De cette histoire exceptionnelle relatant le dialogue d’entre le roi H’izkyahou et le prophète Yéchayahou on peut tirer plusieurs enseignements :

  1. Il est une mitsva d’aller rendre visite à un malade même mourant ;
  2. Le prophète qui va rendre visite au roi malade au seuil de la mort ne se retient pas de lui rappler la cause de sa mort ;
  3. Ne point s’investir dans la mitsva de procréer a pour condamnation la mort dans ce monde ci et l’exclusion du monde à venir ;
  4. L’homme ne doit pas s’immiscer dans les secrets divins,
  5. On n’a aucunement le droit de condamner l’autre en lui disant ‘’tu es mort’’, ceci est grave et qui use de cette formule est condamnable tout aussi prophète soit-il ;
  6. L’homme ne doit jamais perdre espoir même le couteau à la gorge.

Chacun de ces points est un message en soi ; revenons à notre sujet d’ouverture : la joie. Cette histoire nous apprend quelque chose de grandiose : on ne doit jamais perdre espoir, oui jamais !!! Or toute mélancolie est un sentiment de désespoir. Pourquoi et comment ça marche ? Analysons l’absence de simh’a pour mieux retrouver la joie ?

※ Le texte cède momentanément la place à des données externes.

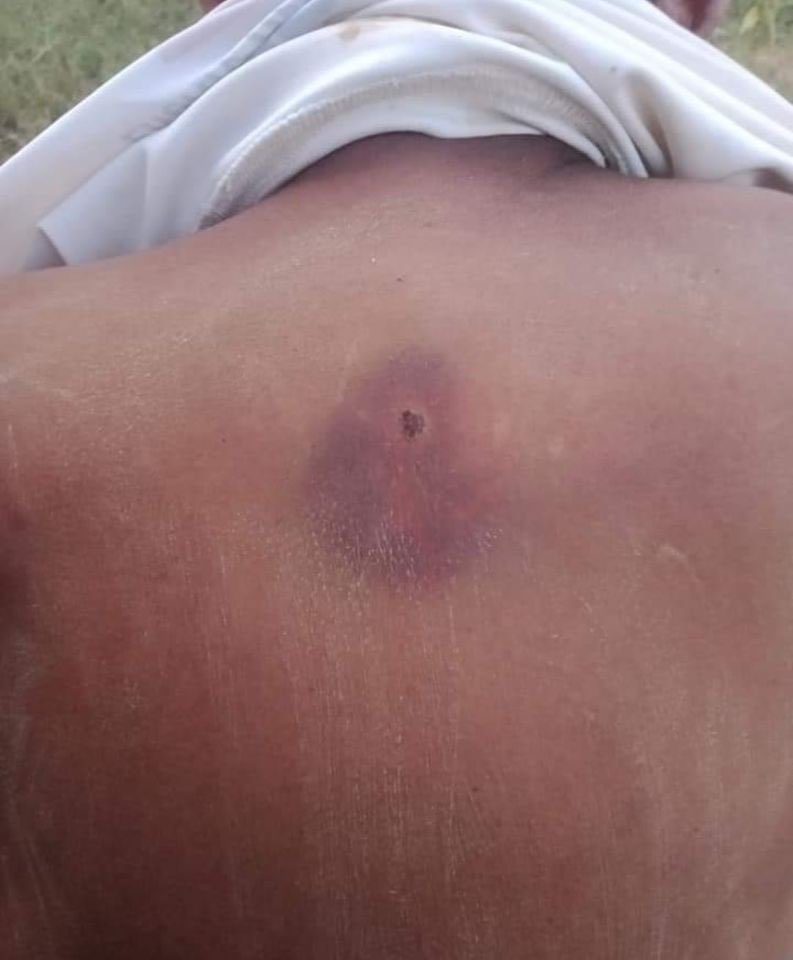 MINGIN, Sagaing Region:

SAC Terrorists and their proxy gang Pyu Saw Htee members raided Kyauk Khe Tat village today morning. They destroyed food, oil &amp; rice. And they tortured a villager.

#June28Coup #WhatsHappeningInMyanmar #MilkTeaAlliance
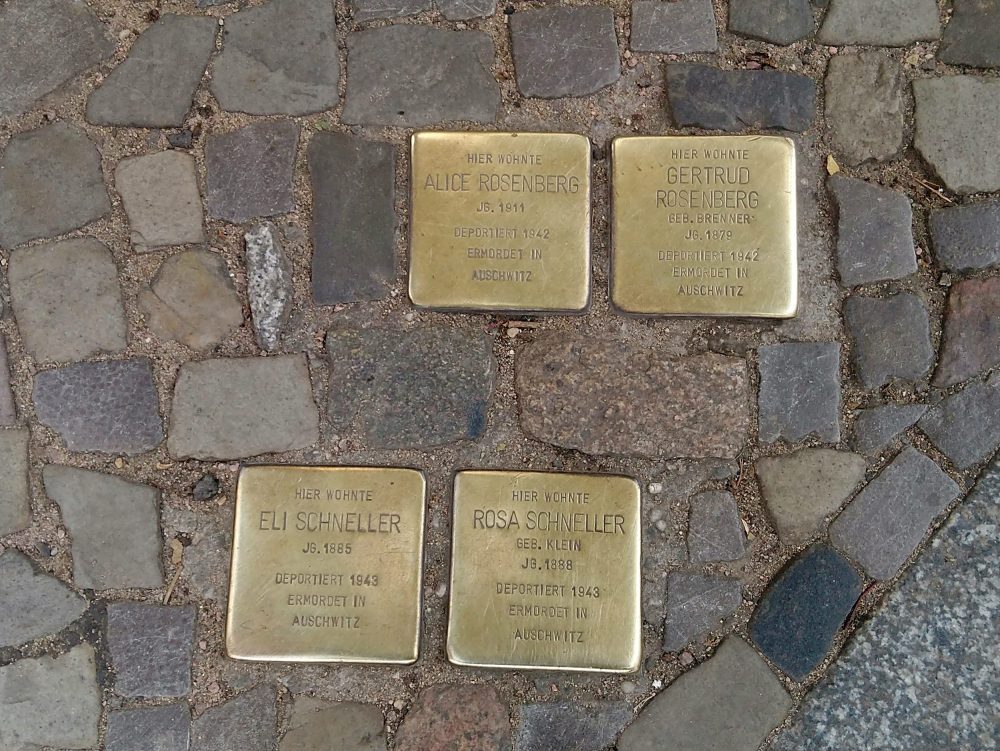 Estas placas, stolpersteine, están diseminadas por toda Europa...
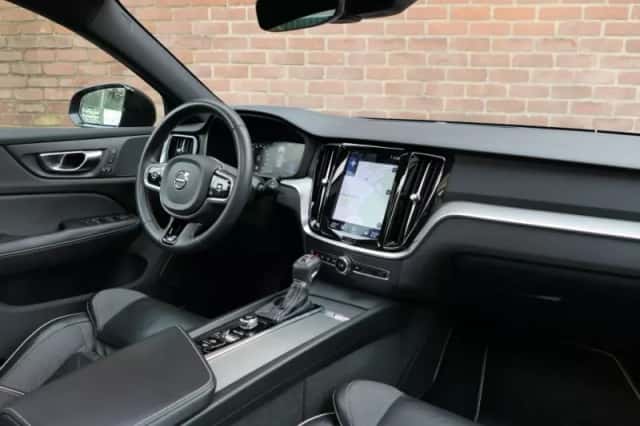Volvo V60 (2020) thumbnail 3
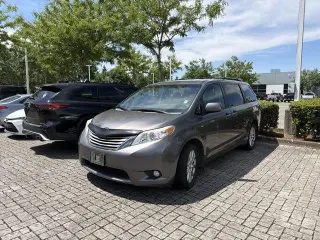 Toyota Sienna 2017 AWD XLE 7-Passenger 4dr Mini-Van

Lorsque l’homme vit une épreuve des centaines d’interrogations l’habitent et le hantent, elles le conduisent à une incompréhension de ce qu’il se passe et de ce qu’il est en train de vivre, il est déséquilibré à tel point de ne plus vivre en harmonie entre lui-même et l’évènement qu’il traverse. Ces interrogations, disons-le clairement, orientées vers D’IEU (pour ne pas dire bien souvent ‘’contre D’IEU’’, créent chez le sujet de la confusion et le plongent dans un chaos total ou partiel. Ce bouleversement le perturbe à tel point qu’il ne connaît plus et ignore toute perspective meilleure qui serait susceptible de lui rendre un peu le goût de la vie. Il pense même ‘’je suis mort’’. Toute situation de non-joie développe un sentiment de mort certaine…

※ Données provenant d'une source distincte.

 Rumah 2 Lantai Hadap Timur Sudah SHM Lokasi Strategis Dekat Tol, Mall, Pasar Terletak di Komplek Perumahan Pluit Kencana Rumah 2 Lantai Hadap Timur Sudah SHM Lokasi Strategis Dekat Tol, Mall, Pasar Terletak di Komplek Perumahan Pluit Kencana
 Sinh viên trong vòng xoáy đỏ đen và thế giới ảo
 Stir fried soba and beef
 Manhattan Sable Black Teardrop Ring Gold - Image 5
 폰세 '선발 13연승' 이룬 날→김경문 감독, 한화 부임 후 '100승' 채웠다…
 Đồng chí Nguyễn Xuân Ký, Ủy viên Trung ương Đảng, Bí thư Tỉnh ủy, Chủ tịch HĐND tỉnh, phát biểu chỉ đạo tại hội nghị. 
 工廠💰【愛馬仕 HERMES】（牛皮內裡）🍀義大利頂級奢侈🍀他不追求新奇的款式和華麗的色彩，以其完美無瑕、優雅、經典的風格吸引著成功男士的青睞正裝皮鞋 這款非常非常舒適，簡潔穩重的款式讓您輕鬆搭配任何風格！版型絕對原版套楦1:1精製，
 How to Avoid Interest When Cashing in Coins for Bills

J’ai envie de nommer ce phénomène par le terme hébraïque de SAFЀKE, traduit communément par : le doute. Ce ‘’doute’’ abolit notre joie. Selon ma démonstration (j’espère que vous me suivez et qu’elle vous semble claire, même si néanmoins elle nécessite plus de développement), pour retrouver la joie le sujet devra sortir du ‘’safèke’’. La question s’impose : comment sort-on du ‘’safèke’’ ?! Nous trouverons la réponse, me semble-t-il, dans l’enseignement de nos Sages enseigné au Pirké Avot chapitre 1 michna 16 : « Raban Gamliel disait ‘’fais toi un Maître ainsi tu seras épargné du doute’’ ! ». Avant de comprendre comment ça marche, Raban Gamliel voit dans le Maître, le RAV, le remède à tous nos maux – ceux qu’on a nommé ici par le ‘’safèke’’. Le RAV qui a comme rôle à jouer celui d’enseigner la Tora et de guider le peuple a ici une fonction bien assez particulière celle de sortir l’homme du doute. Si le doute est définit comme ce que j’ai développé jusque-là c’est-à-dire par la confusion, alors celui qui a un RAV ne connaîtra plus ce genre de sentiments. Et disons-le sans RAV on ne peut pas s’en sortir ! Individuel communauté le RAV a cette fonction de permettre à l’homme de vivre un monde clair. Si la clarté, je veux dire ce qui nous sort de la confusion, est obtenue à travers le Maître il faut rajouter un point important ; le RAV n’est pas seulement celui qui sort l’élève qui était dans le ‘’safèke’’ – ceci est une situation à posteriori, il faut voir dans le Maître celui qui fera que l’élève ne sera jamais dans le ‘’safèke’’, écrit le Séfat Emet dans son commentaire sur Pirké Avot. Parce que, lorsqu’on a un RAV on lui soumet TOUTES les interrogations et les questions qui traversent notre vie, dit-il. On doit rajouter à cela un point fondamental dans l’idée : le RAV donne une ligne de conduite à l’élève qu’il devra suivre en toute circonstance et lorsqu’on a une ligne de conduite tracée par la voie de la sagesse on ne rencontre plus de carrefour ambigu qui brouille nos routes et nos esprits… La pire des choses qui puisse arriver à l’homme, dans son individualité comme à l’échelle communautaire, c’est l’absence du RAV ! Quand on a un RAV les choses sont claires et il n’y a donc plus de place à la déprime… Ce message prend un sens particulier à l’approche de la fête de Pourim : personne n’a voulu suivre les conseils de Mordéh’aï !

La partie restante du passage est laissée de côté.